Beyond the headline actuals
Jeremy Stevens
GDP growth composition reveals mounting concerns
- China’s headline growth remains apparently on track to meet the government’s annual target. However, the composition of such growth shows concerning vulnerabilities.
- Even though China’s H1:25 GDP growth of 5.3% keeps Beijing on track to meet its stated c.5% annual target, nominal GDP growth slowed to 3.9% y/y in Q2. This is the weakest since Q4:22—highlighting persistent deflationary pressures and weak pricing power. Worse, industrial activity keeps outpacing domestic demand, implying entrenched deflationary pressures.
- The headwinds from trade tensions and higher trade barriers have not yet played out. Rather, export growth has been beating expectations every month as companies use tariff truces to ship goods ahead of deadlines that keep being deferred. Chinese exporters have been rerouting goods to third countries and gaining market share in other countries, such as across Africa. As such, one-third of economic growth so far this year has come from net exports. However, this too is vulnerable to shifting global trade dynamics.
- Further, investment momentum plummeted to 1.4% y/y in Q2. Previously robust manufacturing investment and resilient infrastructure investment has offset the contraction in real estate investment. However, manufacturing investment growth slowed to 5.1% in June, the slowest since July 2023. Then, as we saw in August last year, maintaining infrastructure investment growth is becoming ever more challenging. Infrastructure investment hit a 12-month low despite a 129% surge in government bond issuance, as funds were diverted to refinance LGFV debt. All the while, real estate investment contracted by the most since November 2022, with housing demand and land sales deteriorating further.

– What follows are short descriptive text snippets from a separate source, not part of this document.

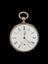 Swiss cylinder escapement pocket watch with subsidiary seconds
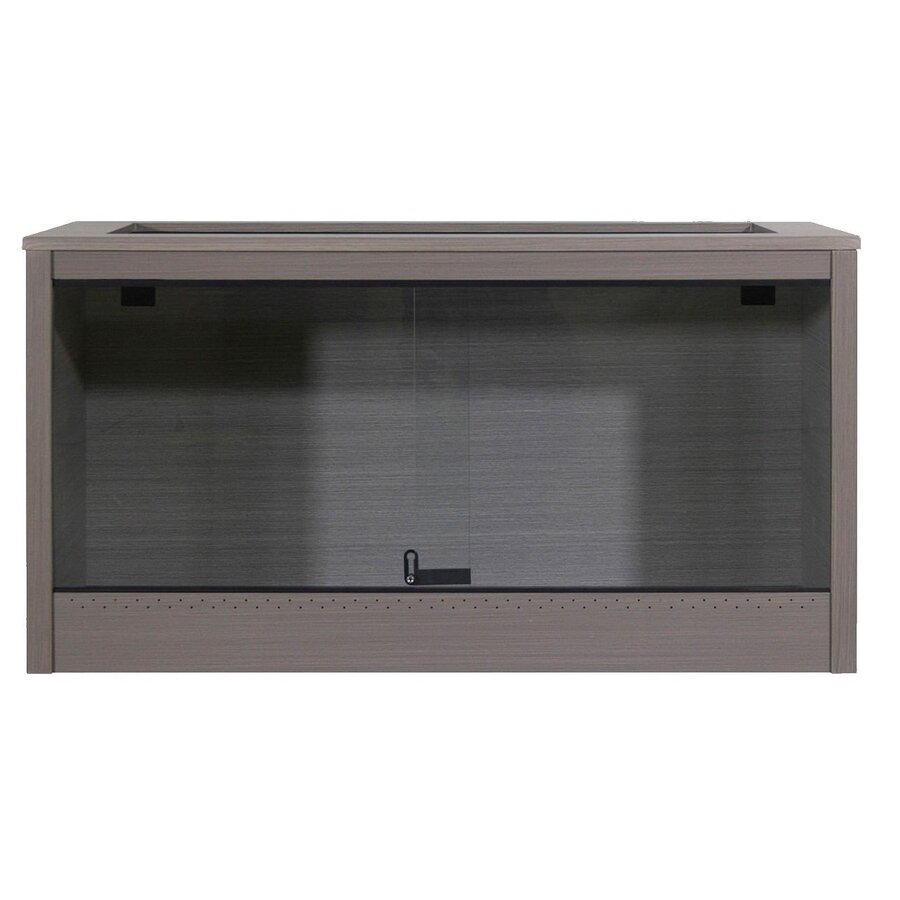 Repto Terra Endura terrarium 115x60x60 cm PVC grijs houtdecor met gaasdeksel en schuifdeur met slot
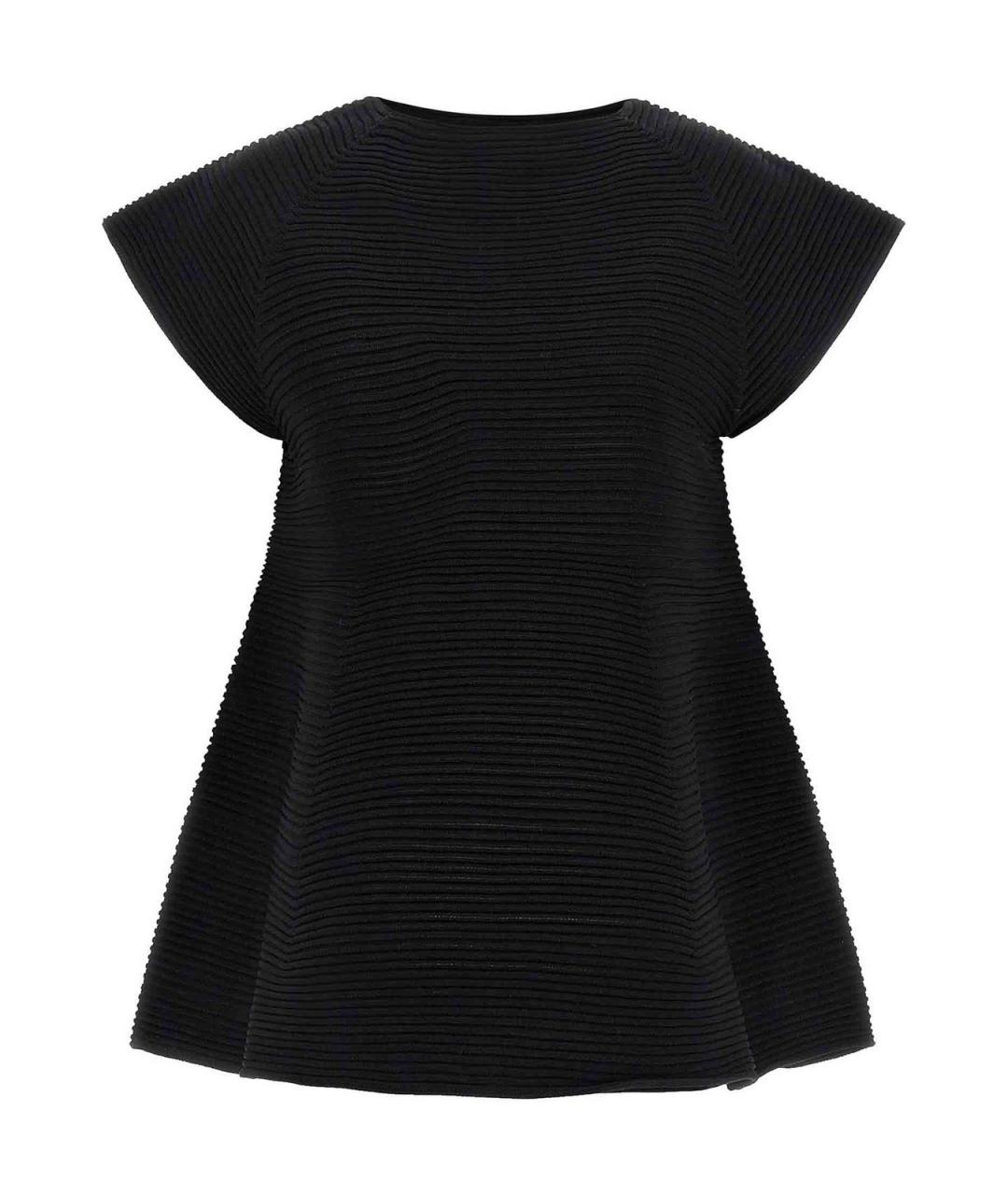 ISSEY MIYAKE Черное полиэстеровое повседневное платье, фото 1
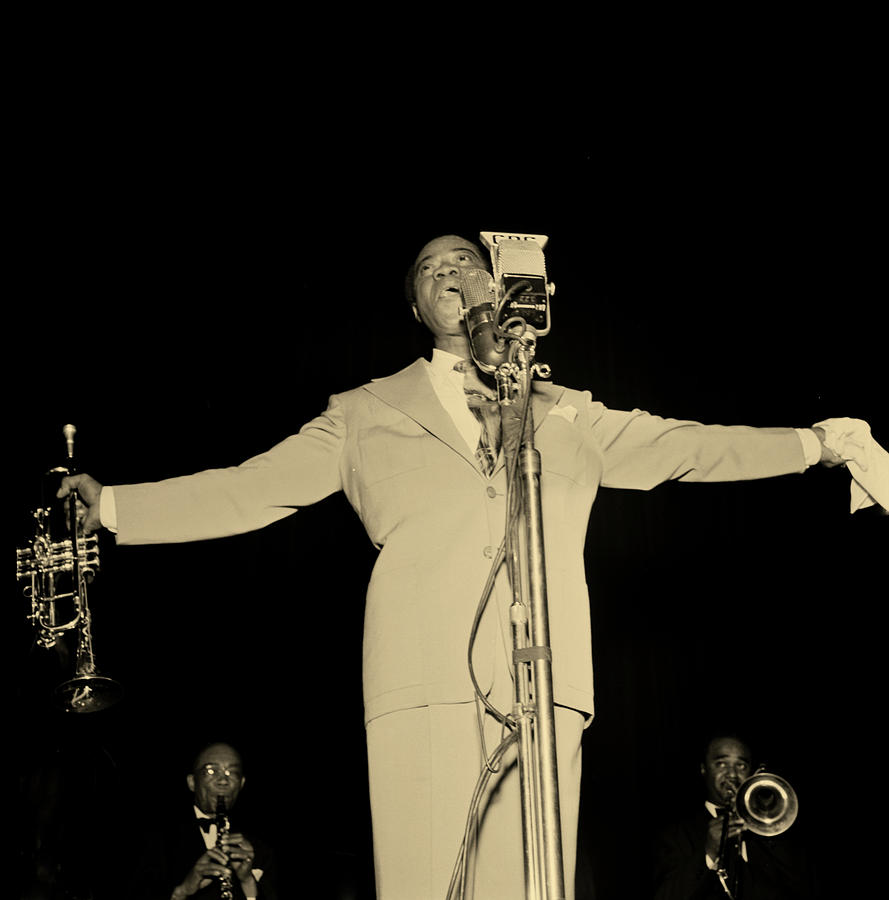 Louis Armstrong at Carnegie Hall, 1947 #3 Photograph by Mountain Dreams
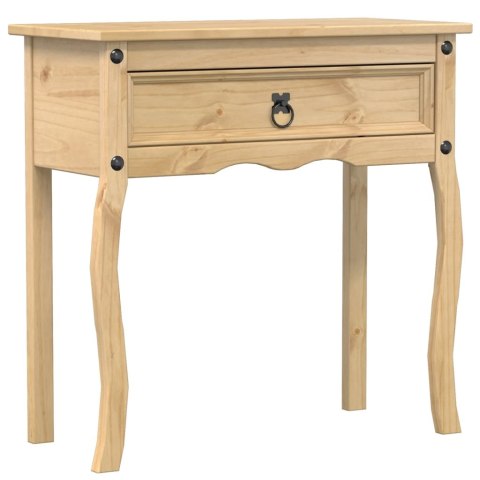 Stolik konsolowy Corona, 73x35x73 cm, lite drewno sosnowe Stolik konsolowy Corona, 73x35x73 cm, lite drewno sosnowe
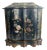 Antique English Papier Mache Cabinet With Writing Slope For Sale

- Still, consumption has been holding up reasonably well, accounting for half of China’s GDP growth in H1:25, driven by big-ticket items, supported by the consumer goods trade-in programme. However, stripping out the estimated CNY600bn boost from subsidies, retail sales growth wouldn’t be 4.0% but rather just 0.8-1.7% YTD. Already, a rising cacophony of voices are calling for stronger policy interventions, such as increased funding for the trade-in programme and widening the arc of goods and services the programme targets. One can safely assume that when high base effects come into play in the final months of this year, and as economic momentum loss continues during Q3:25, these calls will become more insistent.